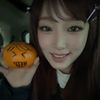 yena_09_3
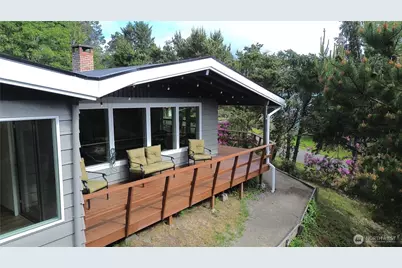 1123 S Aberdeen Street, Westport, WA 98595 - Photo 37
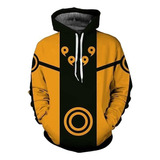 Sudadera Naruto Uchiha Itachi Con Capucha Ninja Akatsuki 15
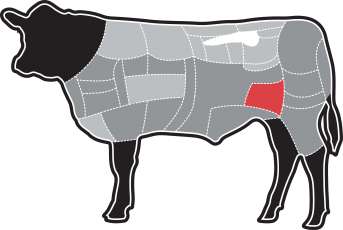 beefchart-tri-tip.ai_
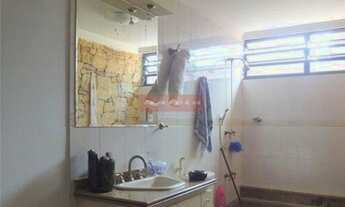 Imagem 7: Casa Térrea, Brooklin Paulista - São Paulo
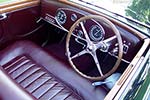 2004 Meadow Brook Concours d'Elegance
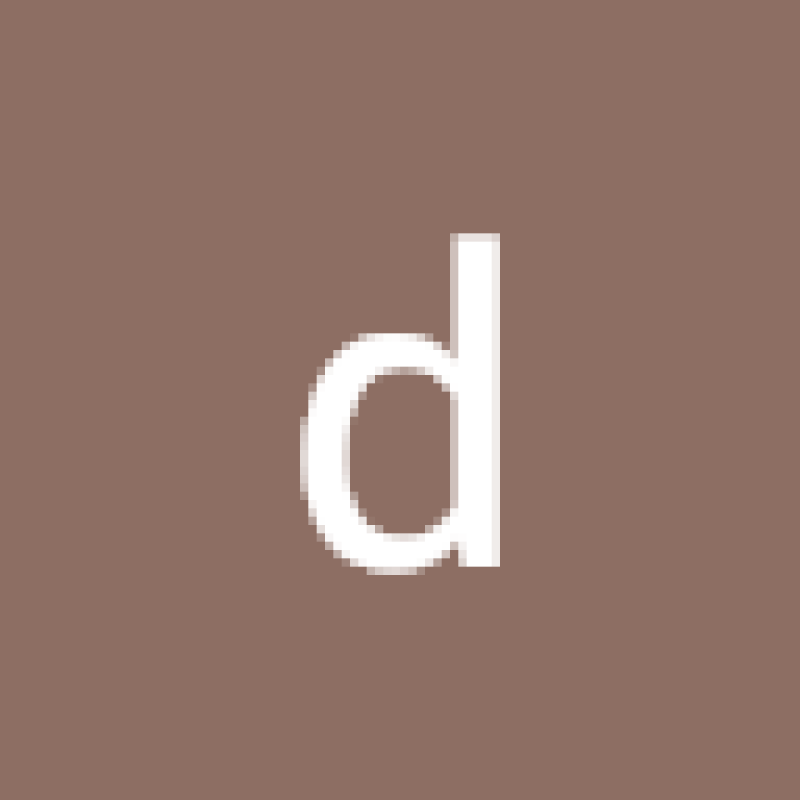 dhanson5056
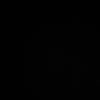 notaladiesman217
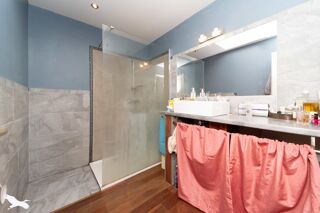  Maison  vendre 2 pices 99 m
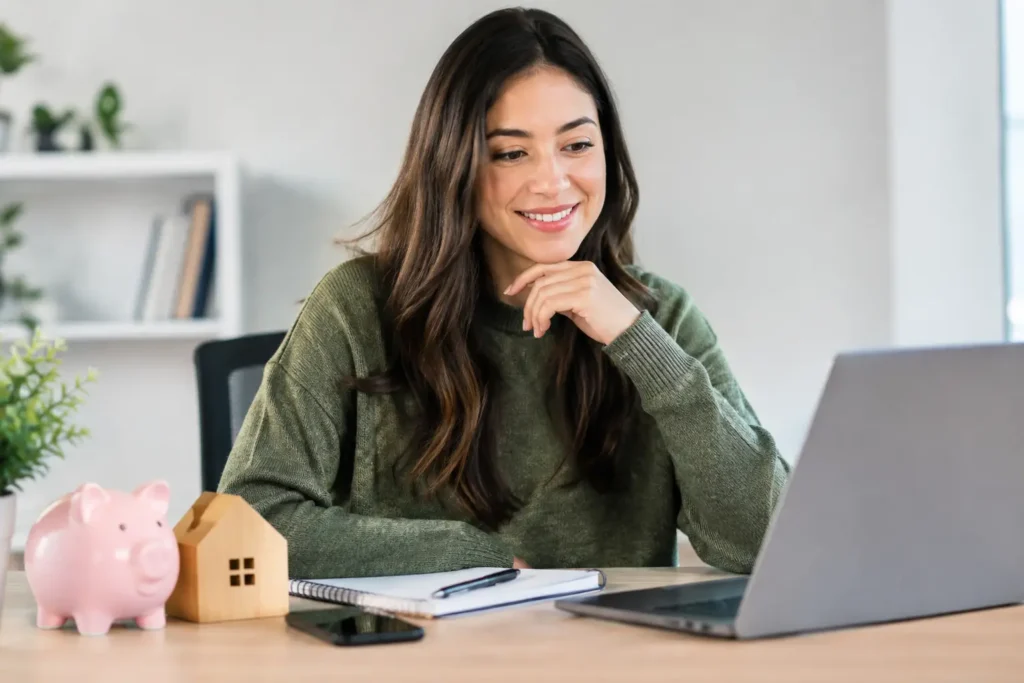 Best Lenders for Fair Credit and How to Choose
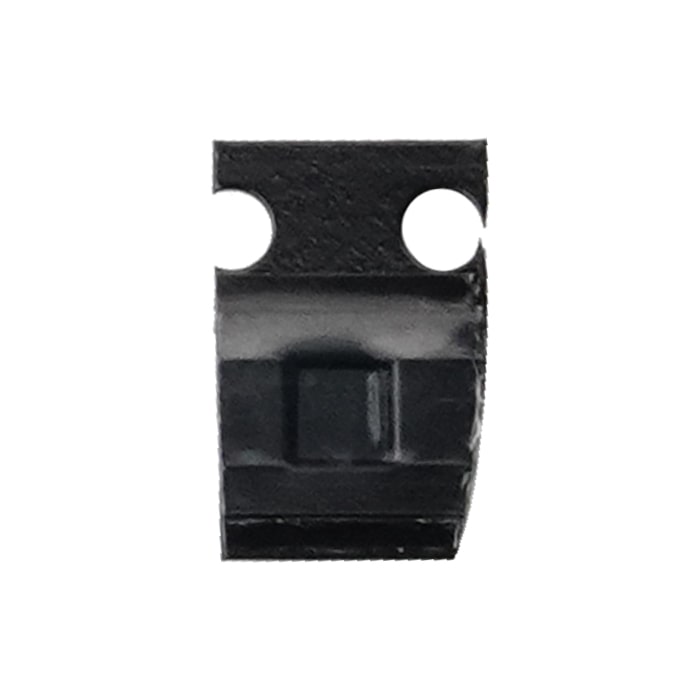 آی سی لایت آیفون 6S با کد فنی 74AXX81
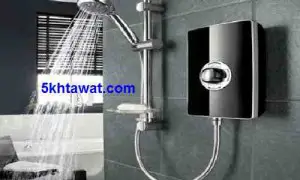 قائمة اسعار السخانات فى مصر 2017 الغاز والكهرباء بالتفصيل بعد ارتفاع سعر الدولار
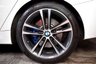 USED 2013 63 BMW 3 SERIES 2.0 328I M SPORT GRAN TURISMO 5d 242 BHP 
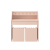 Biurko_i_Krzeselka_BookNook_rose_02.png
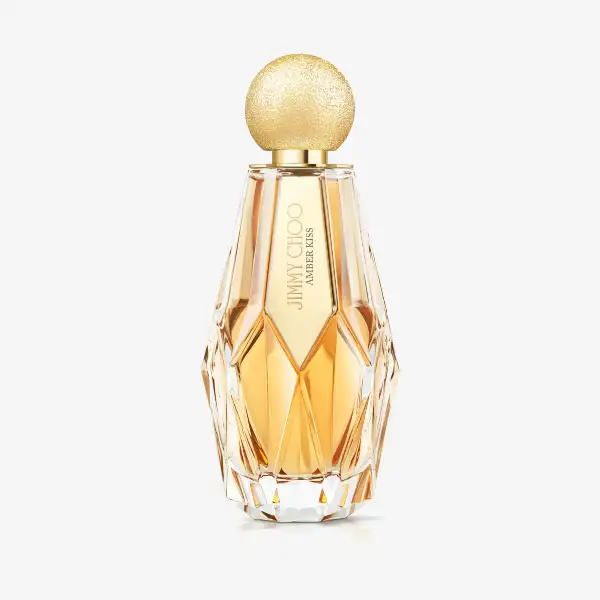 Jimmy Choo Fragrance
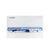 Roxin Submersible LED Light -Multicolor-18W - The Pets Club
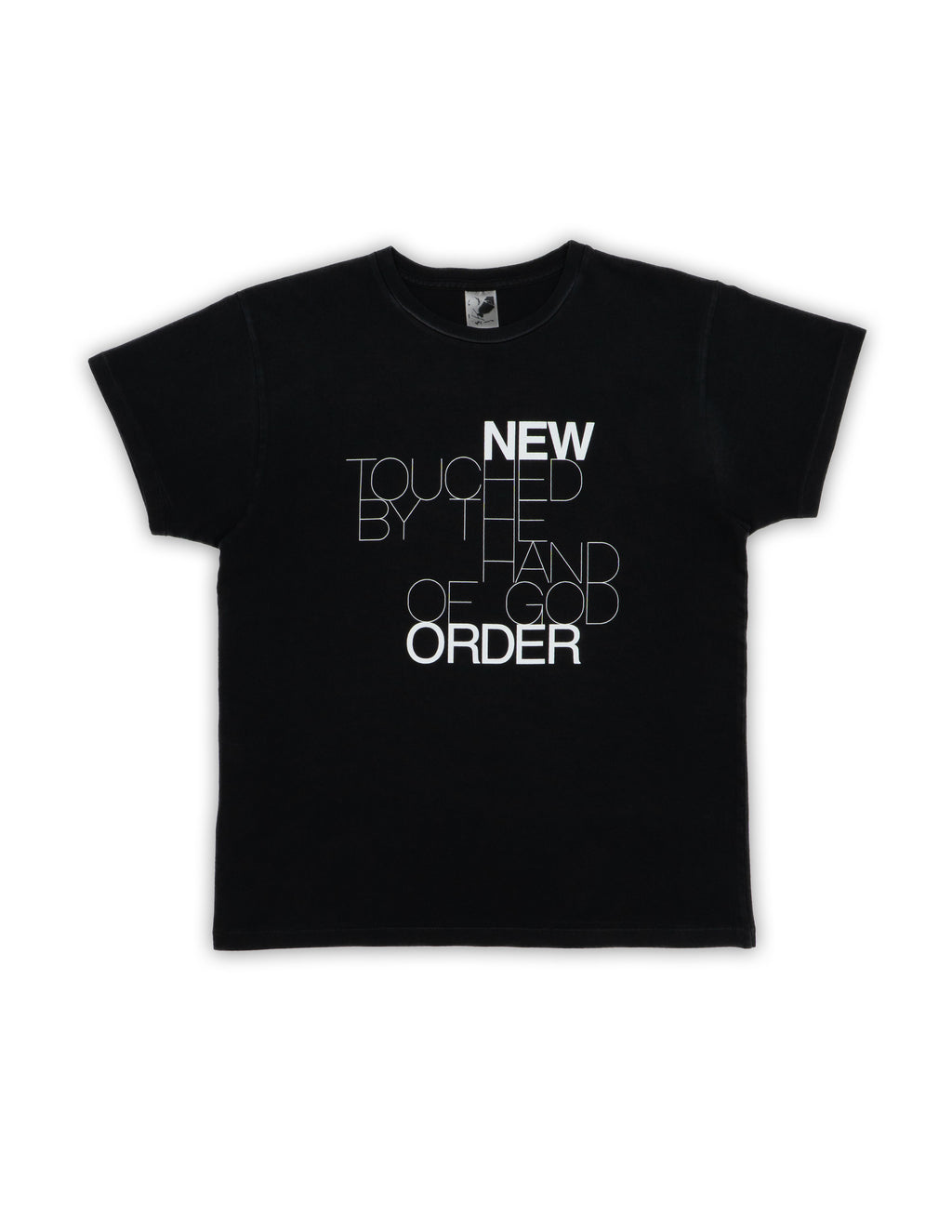 New Order
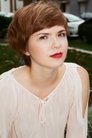 Jessie Rabideau photo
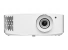 Smart проектор 4K UHD для домашнего кинотеатра Optoma UHD55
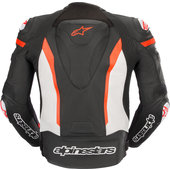 ALPINESTARS MISSILE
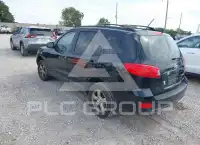 2008 Hyundai Santa Fe фото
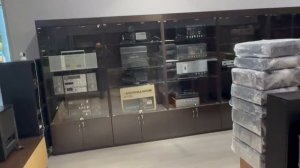 vintagemoscow. Закрытие магазина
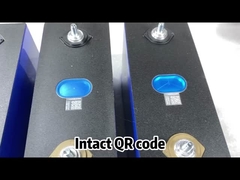 CATL / EVE 280Ah batería de vidapo4 celdas 3.2V vidapo4 batería de 280Ah para el paquete de baterías Diy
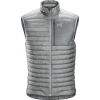 Arc'teryx Cerium SL Vest - Men's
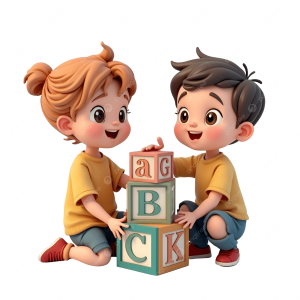 Kids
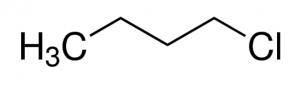 1-Chlorobutane 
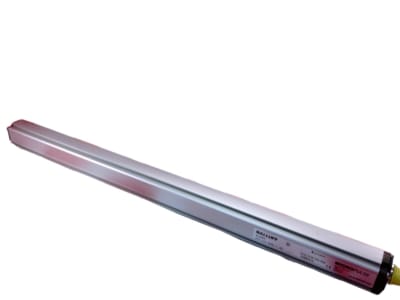 BALLUFF BTL5-S114-M0400-P-S32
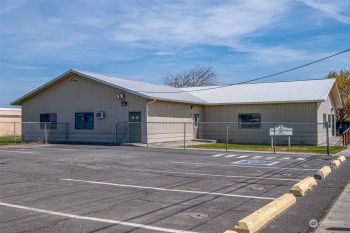 21 SE J Street , Quincy, WA 98848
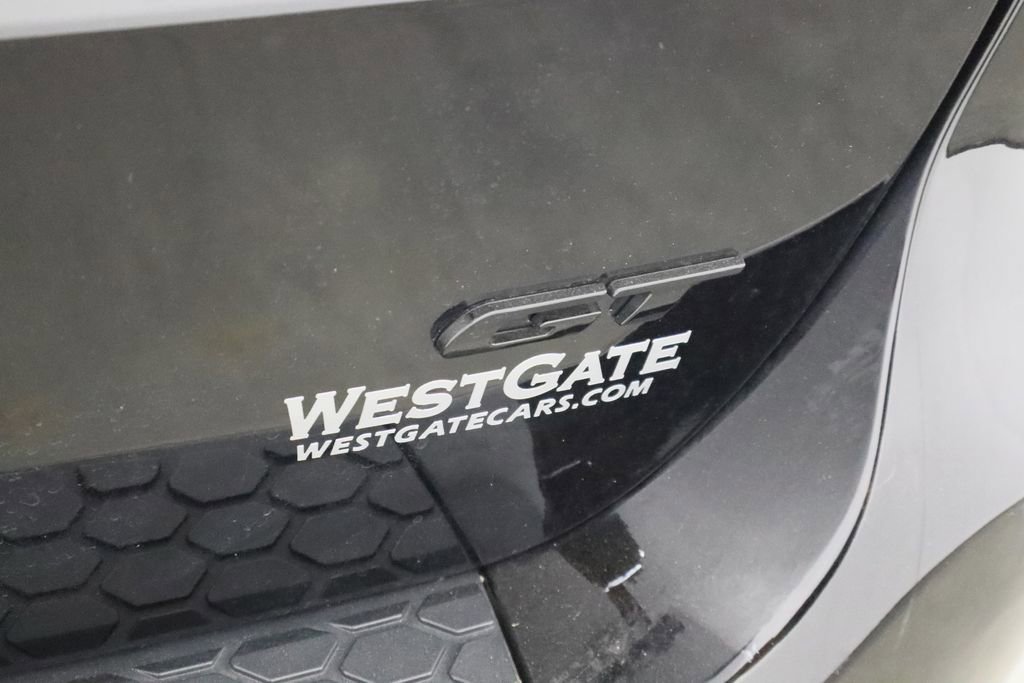 Used 2023 Dodge Durango GT image 51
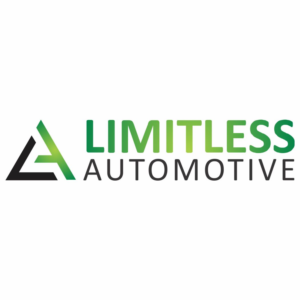 Logo Design by artstroker for this project | Design: #7688891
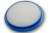 Filter za Dyson DC32 / DC23, predmotorni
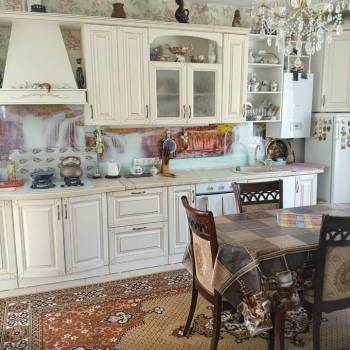 Продается Дом, 120 м²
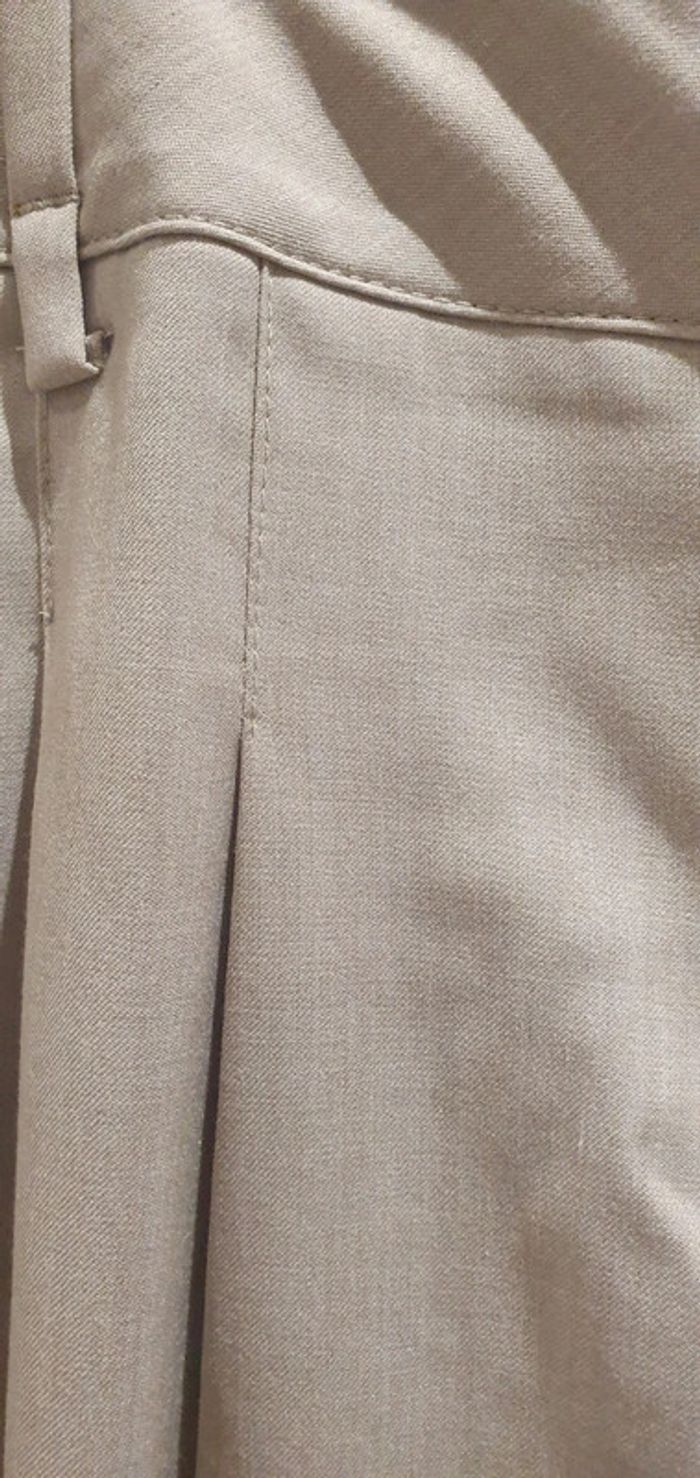 Pantalon Zara - photo numéro 3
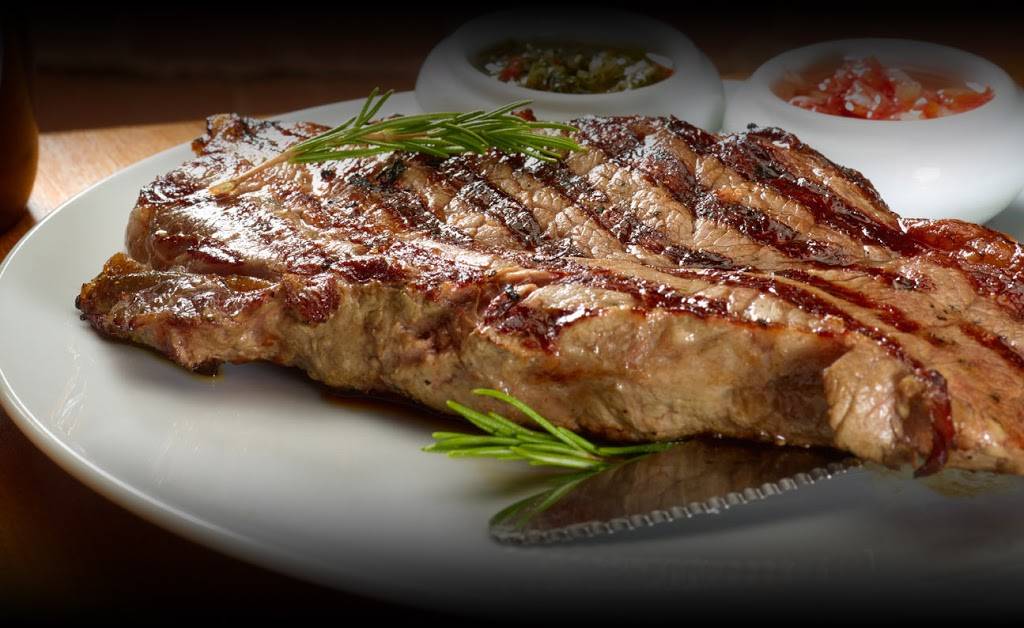 Grille Broadway cafe | restaurant | 306 Broadway St, Myrtle Beach, SC 29577, USA | 8438088422 OR +1 843-808-8422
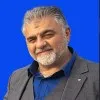 Fadi EL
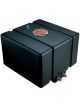 Jaz Fuel Cell Drag Race 12 gal 37273 x 16
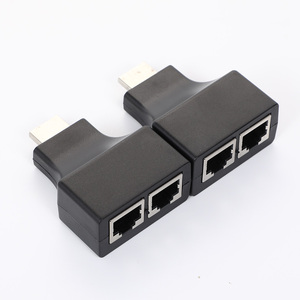 Juego de alicates de 4K 30 K 30m - Product Image 1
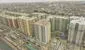 ¿Cuáles son los distritos más baratos para comprar una vivienda en Lima Metropolitana?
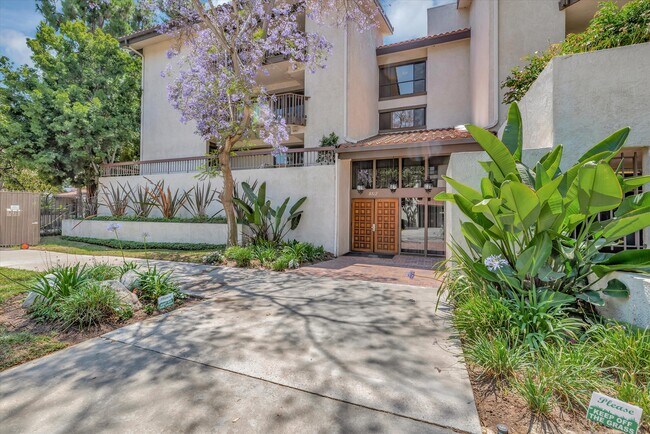 Photo - 8512 Tuscany Ave Unit 303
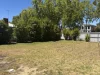 382 David Street, South Albury, NSW 2640-Image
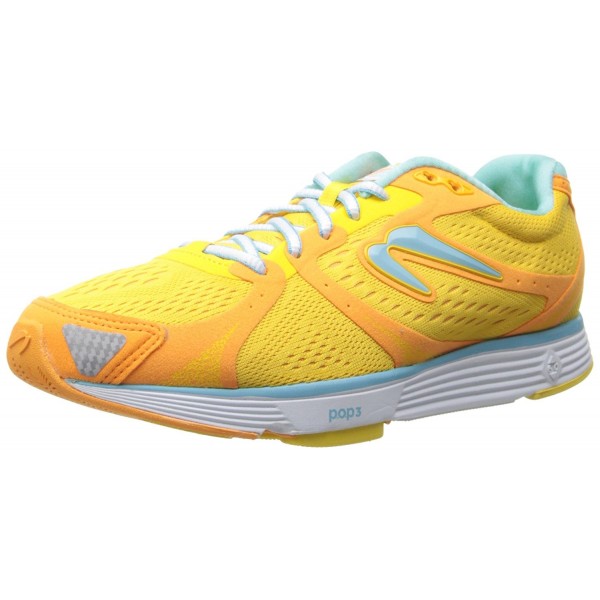 Newton Energy Womens Running Shoes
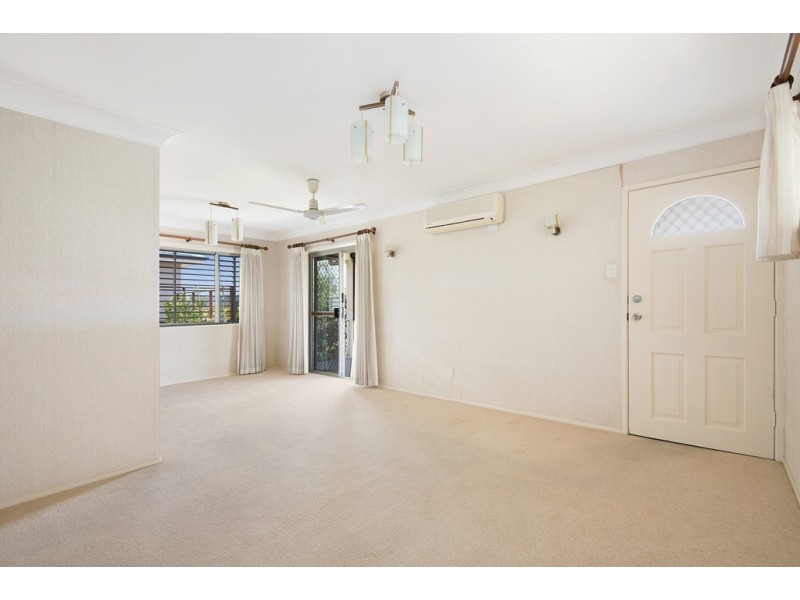 43 Stellmach St, Everton Park QLD 4053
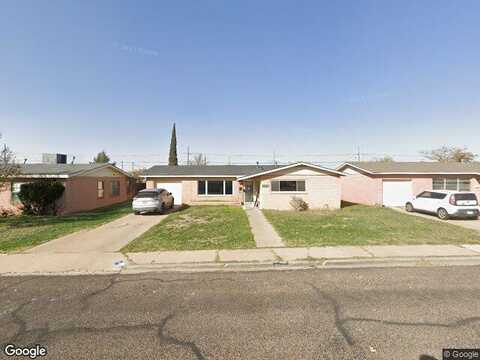 Melody, ODESSA, TX 79762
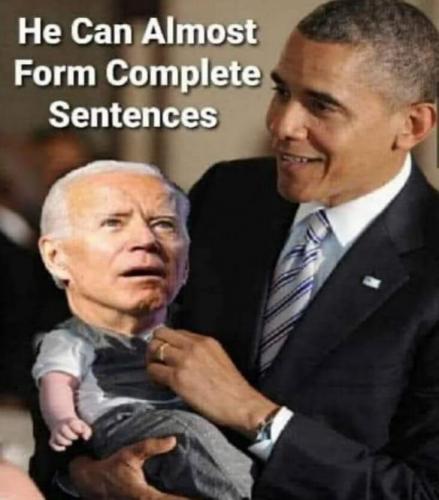 22:12:02 GMT-0800 (PST).image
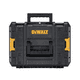 thumbnail image 4 of Caja de herramientas DeWalt DWST17807, 4 of 6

→ **Exercise objective**
Copy out every line of the data exactly, leaving the images behind.

→ **Written solution**
 yena_09_3
 1123 S Aberdeen Street, Westport, WA 98595 - Photo 37
 Sudadera Naruto Uchiha Itachi Con Capucha Ninja Akatsuki 15
 beefchart-tri-tip.ai_
 Imagem 7: Casa Térrea, Brooklin Paulista - São Paulo
 2004 Meadow Brook Concours d'Elegance
 dhanson5056
 notaladiesman217
  Maison  vendre 2 pices 99 m
 Best Lenders for Fair Credit and How to Choose
 آی سی لایت آیفون 6S با کد فنی 74AXX81
 قائمة اسعار السخانات فى مصر 2017 الغاز والكهرباء بالتفصيل بعد ارتفاع سعر الدولار
 USED 2013 63 BMW 3 SERIES 2.0 328I M SPORT GRAN TURISMO 5d 242 BHP 
 Biurko_i_Krzeselka_BookNook_rose_02.png
 Jimmy Choo Fragrance
 Roxin Submersible LED Light -Multicolor-18W - The Pets Club
 New Order
 Jessie Rabideau photo
 Smart проектор 4K UHD для домашнего кинотеатра Optoma UHD55
 ALPINESTARS MISSILE
 2008 Hyundai Santa Fe фото
 vintagemoscow. Закрытие магазина
 CATL / EVE 280Ah batería de vidapo4 celdas 3.2V vidapo4 batería de 280Ah para el paquete de baterías Diy
 Arc'teryx Cerium SL Vest - Men's
 Kids
 1-Chlorobutane 
 BALLUFF BTL5-S114-M0400-P-S32
 21 SE J Street , Quincy, WA 98848
 Used 2023 Dodge Durango GT image 51
 Logo Design by artstroker for this project | Design: #7688891
 Filter za Dyson DC32 / DC23, predmotorni
 Продается Дом, 120 м²
 Pantalon Zara - photo numéro 3
 Grille Broadway cafe | restaurant | 306 Broadway St, Myrtle Beach, SC 29577, USA | 8438088422 OR +1 843-808-8422
 Fadi EL
 Jaz Fuel Cell Drag Race 12 gal 37273 x 16
 Juego de alicates de 4K 30 K 30m - Product Image 1
 ¿Cuáles son los distritos más baratos para comprar una vivienda en Lima Metropolitana?
 Photo - 8512 Tuscany Ave Unit 303
 382 David Street, South Albury, NSW 2640-Image
 Newton Energy Womens Running Shoes
 43 Stellmach St, Everton Park QLD 4053
 Melody, ODESSA, TX 79762
 22:12:02 GMT-0800 (PST).image
 thumbnail image 4 of Caja de herramientas DeWalt DWST17807, 4 of 6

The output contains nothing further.